* Problem statement
Write the data out in full and word for word. Do not include images.

[Recorded data]

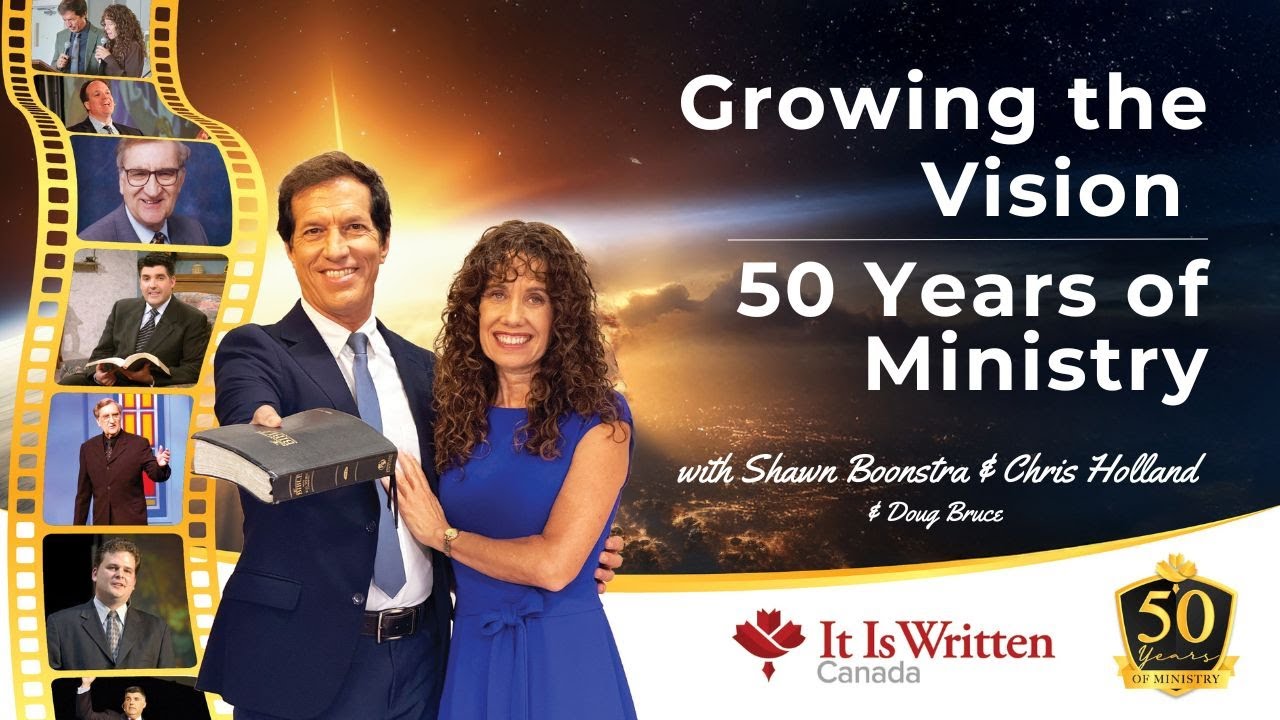 Growing the Vision - 50 Years of Ministry - YouTube
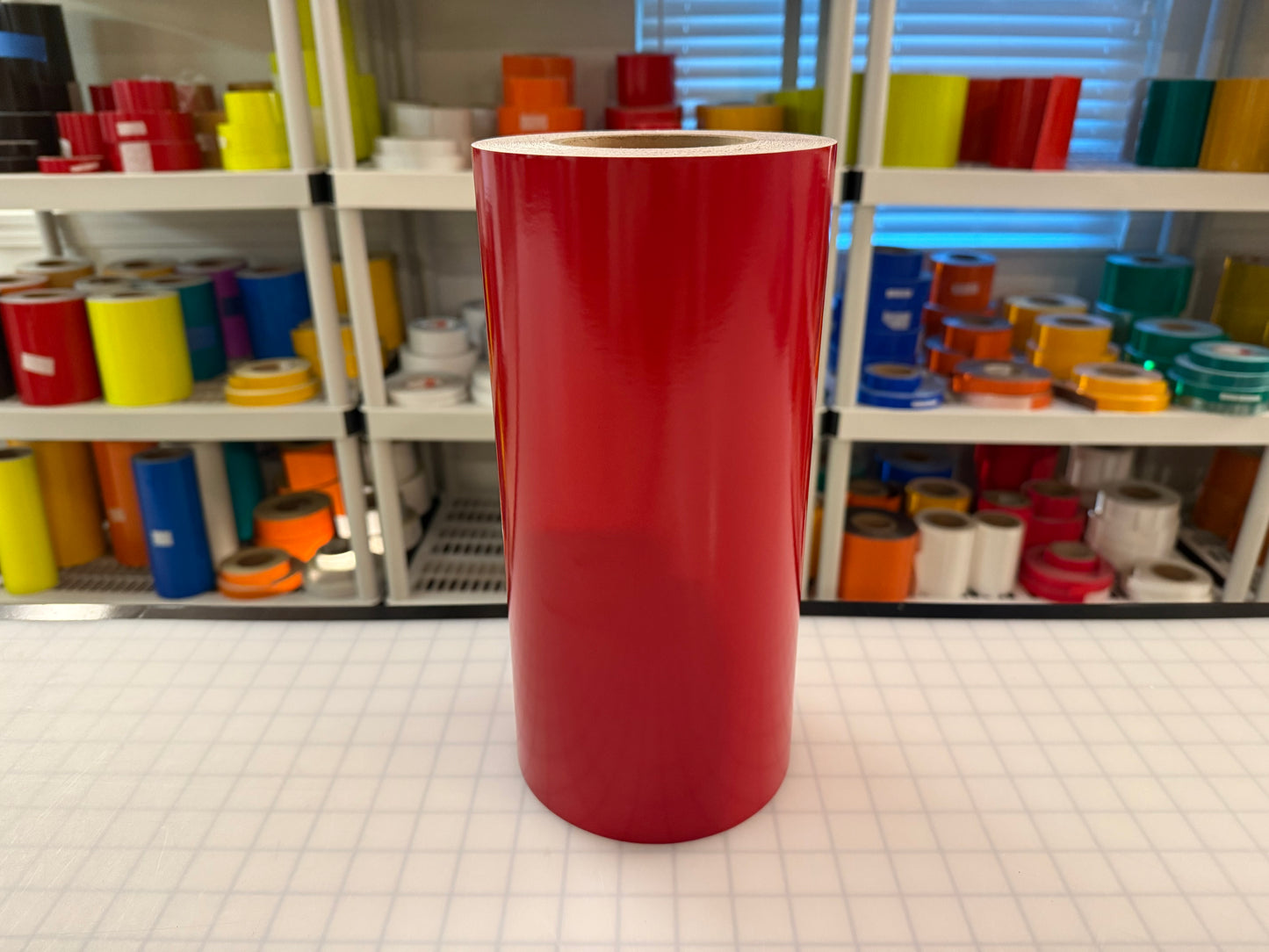 12" Inch Red Reflective Tape Nikkalite 48000 (Type 1 ELG) - Reflective Pro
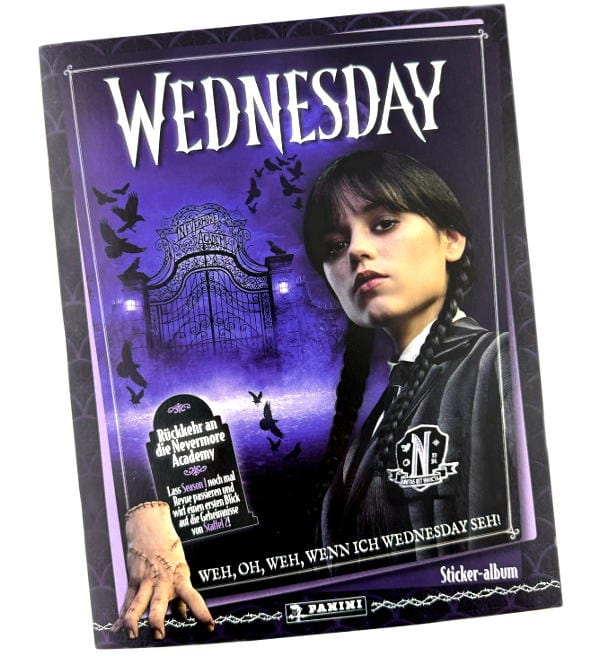 Wednesday 2 Stickers (2025) - Album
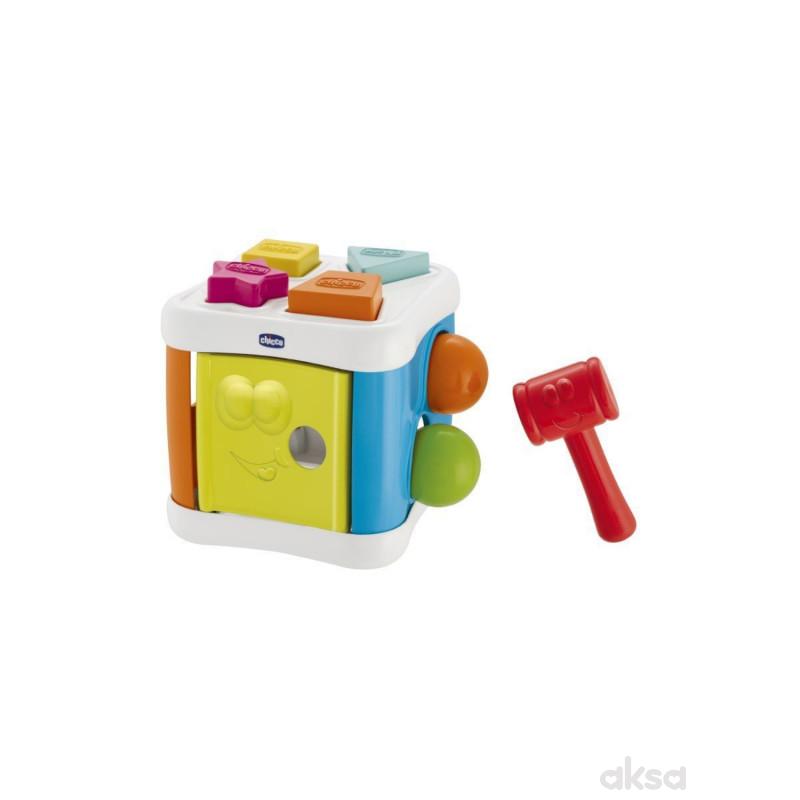 Chicco igračka umetaljka 2 u 1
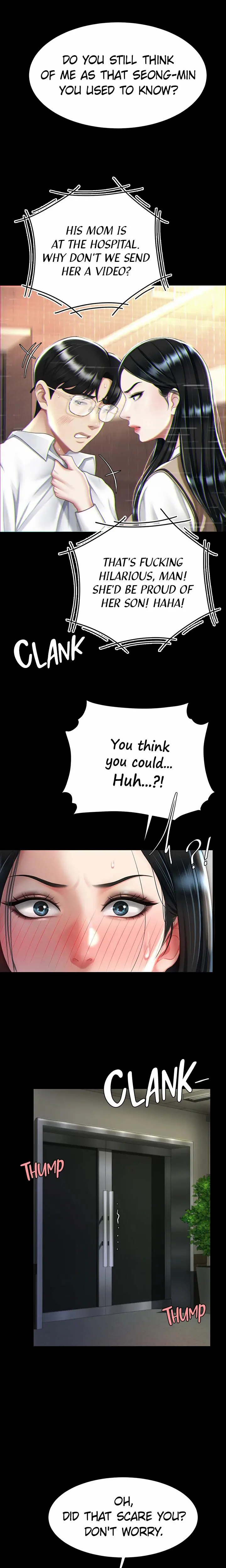 Eat First, Mom Uncensored, chapter 40, page 9 of 29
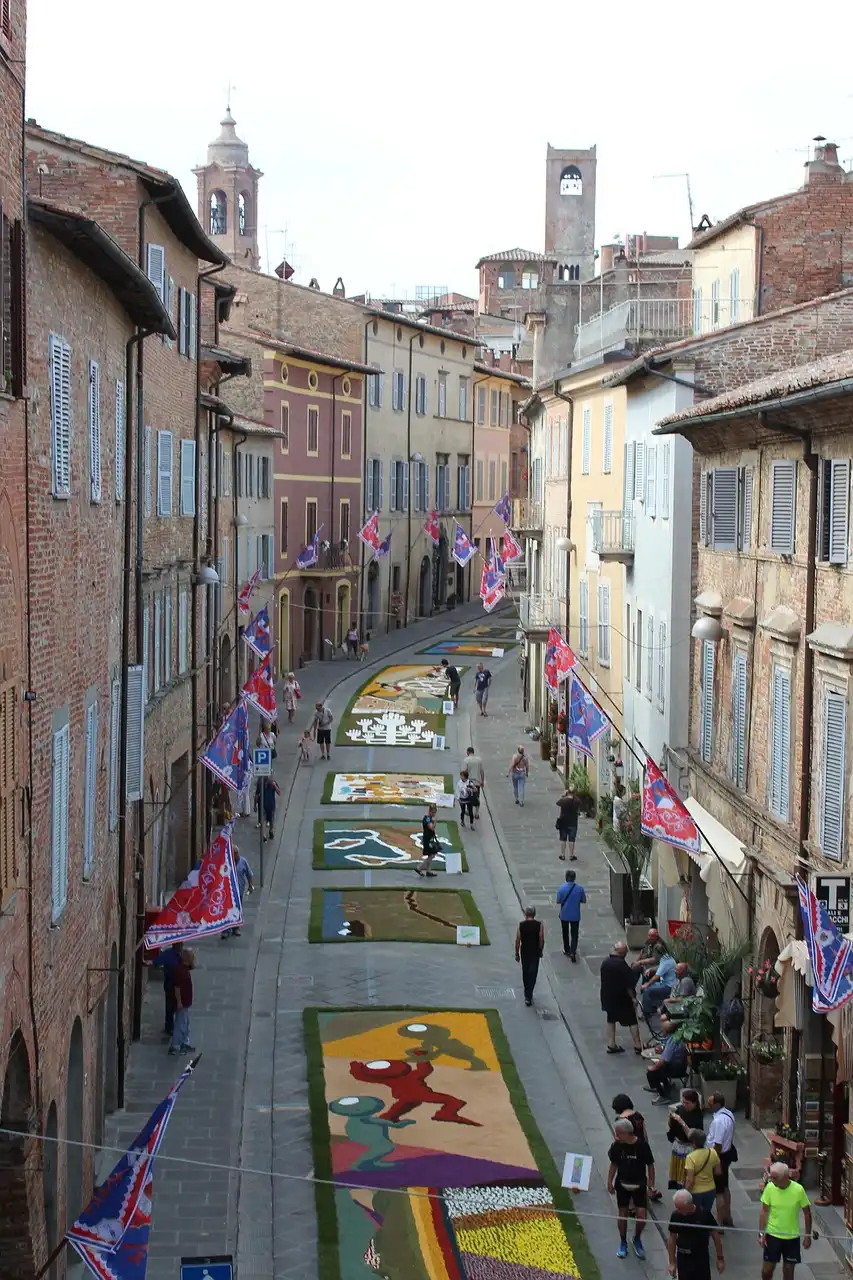 Infiorate di Spello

* Response area
 Growing the Vision - 50 Years of Ministry - YouTube
 12" Inch Red Reflective Tape Nikkalite 48000 (Type 1 ELG) - Reflective Pro
 Wednesday 2 Stickers (2025) - Album
 Chicco igračka umetaljka 2 u 1
 Eat First, Mom Uncensored, chapter 40, page 9 of 29
 Infiorate di Spello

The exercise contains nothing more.